The show itself was down in the newly developed docks area, right on the banks of the River Mersey. Inside it felt familiar and just like every other trade show. Somehow this was reassuring. I was there to look at outdoor gear, but much enjoyment came from meeting people I mostly hadn’t seen for three years. One of the best aspects of shows like this is the community feel. OTS may be about business but it’s also about the outdoor community and it was good to feel part of that again. Online meetings don’t adequately replace face-to-face ones.

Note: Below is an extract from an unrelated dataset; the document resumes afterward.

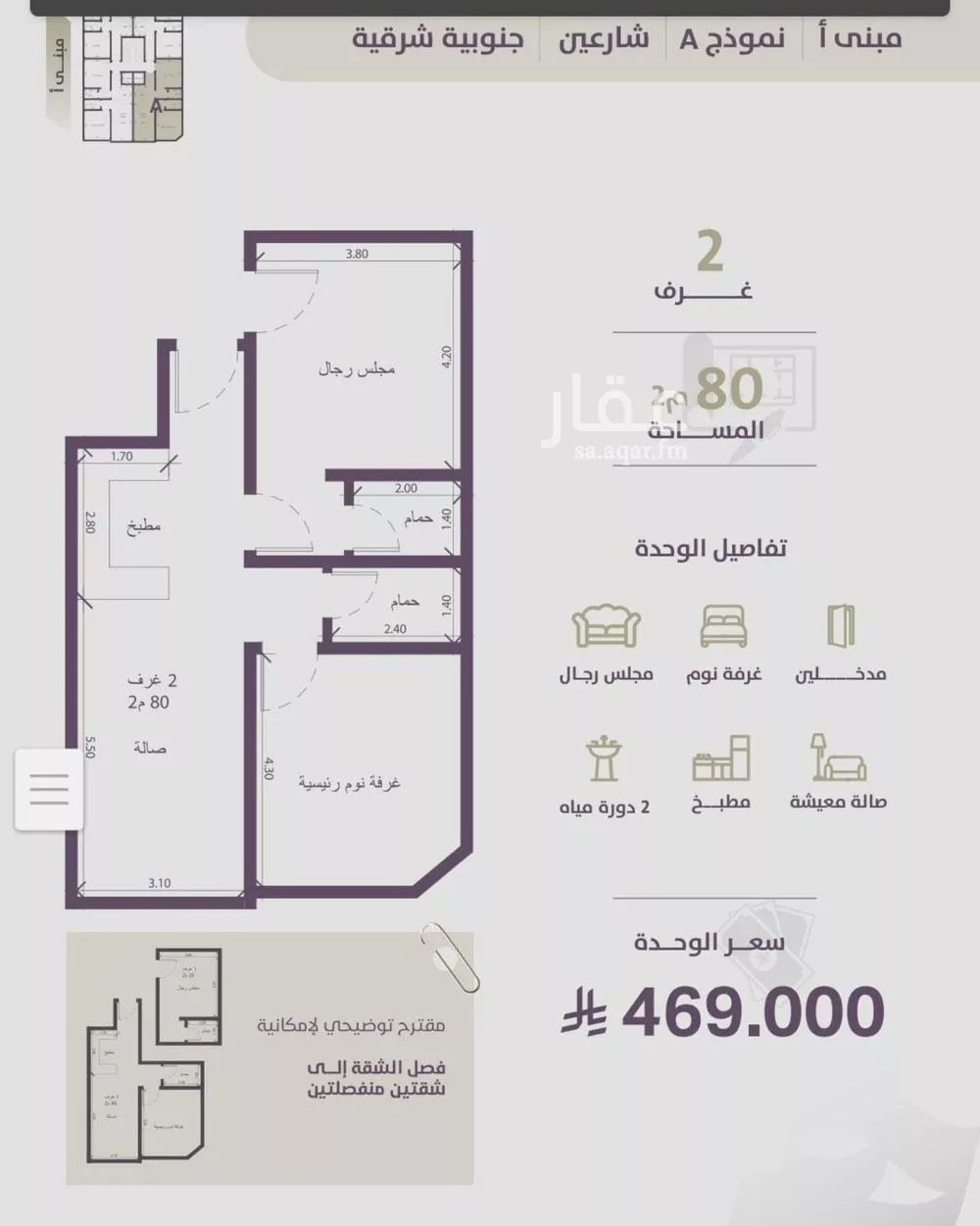 2 bedroom apartment in Al Zahra 4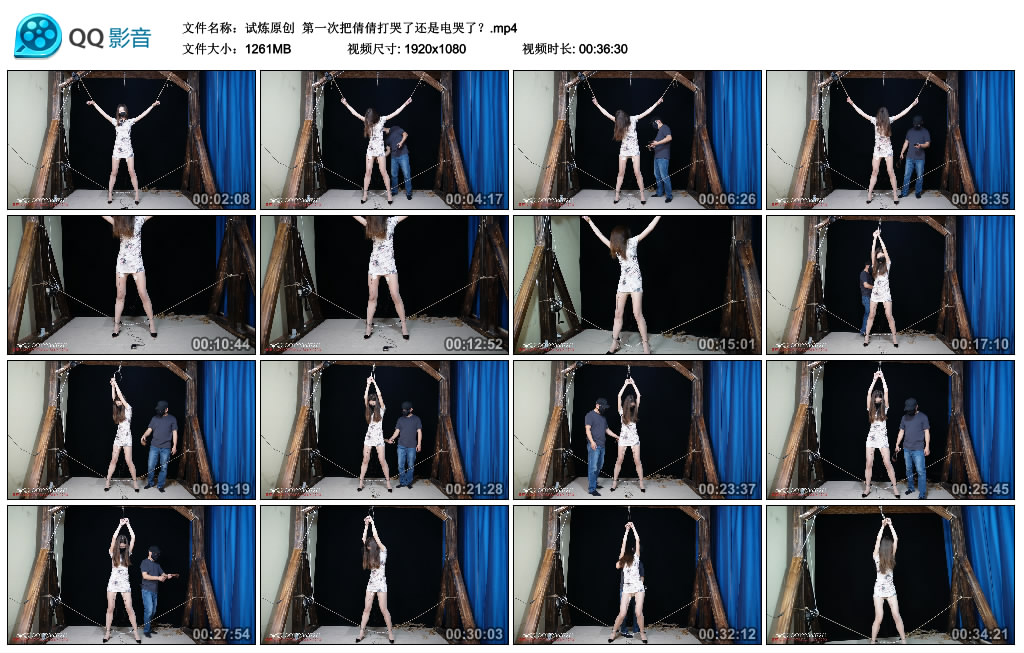 【试炼原创】 第一次把倩倩打哭了还是电哭了？-BD绳艺资源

I’m not going to write about the gear I saw here. We made some little videos on some of the most interesting stuff that’ll appear on The Great Outdoors website soon and I’ll be reviewing items on the same site the rest of the year and probably into next year as some of the gear won’t appear until then. For now, I’ll just say I was pleased that sustainability was a major theme. I’m aware that some companies are probably only doing this because they feel they have to and there’s undoubtedly elements of greenwash around. However, I think that whatever the reason it’s better companies do something rather than nothing and that the outdoor industry is at least moving in the right direction.

 
Away from the show I had a little time to wander round the Albert Dock and Mann Island areas, now redeveloped and modernised and a big tourist draw. I hadn't visited the area for many decades (I was brought up in Formby just up the coast and so came to Liverpool quite often as a child and teenager) and it was just about unrecognisable. The development is attractive and there are informative signs as well as museums for a deeper look at the history – I had no time for these, unfortunately. There is somewhat of a clash of architectural styles though, with the red brick of the functional dock buildings and the pale grey of the classical Liver Building and its neighbours somewhat at odds with the hard angles and flat brightness of modern glass and steel constructions. 
 

 
After the show I spent a very enjoyable few hours with my brother John who lives not far way and who I hadn’t seen for quite a few years. I mentioned to him that I could do with a decent coffee, that in the hotel and at the show being, frankly, vile – I’d abandoned several almost-full mugs from various outlets (oh, I have got fussy!). “There’s a speciality one next to your hotel”, he said. And there was. Root Coffee. And it was excellent. How had I failed to see it? Because it lay the other way from the show and the docks. Thanks John!
 
 
As well as visiting England for the first time in three years I also hadn’t been on a train in that time. To be travelling on one again seemed quite exciting! Actually six trains there and back. Of these three were cancelled yet somehow I arrived only slightly late and got back to Aviemore at the right time. Perhaps oddest was that the London to Edinburgh train I was meant to catch at Wigan was cancelled but only from London to Preston. So I caught a train to Preston and caught the almost empty train there.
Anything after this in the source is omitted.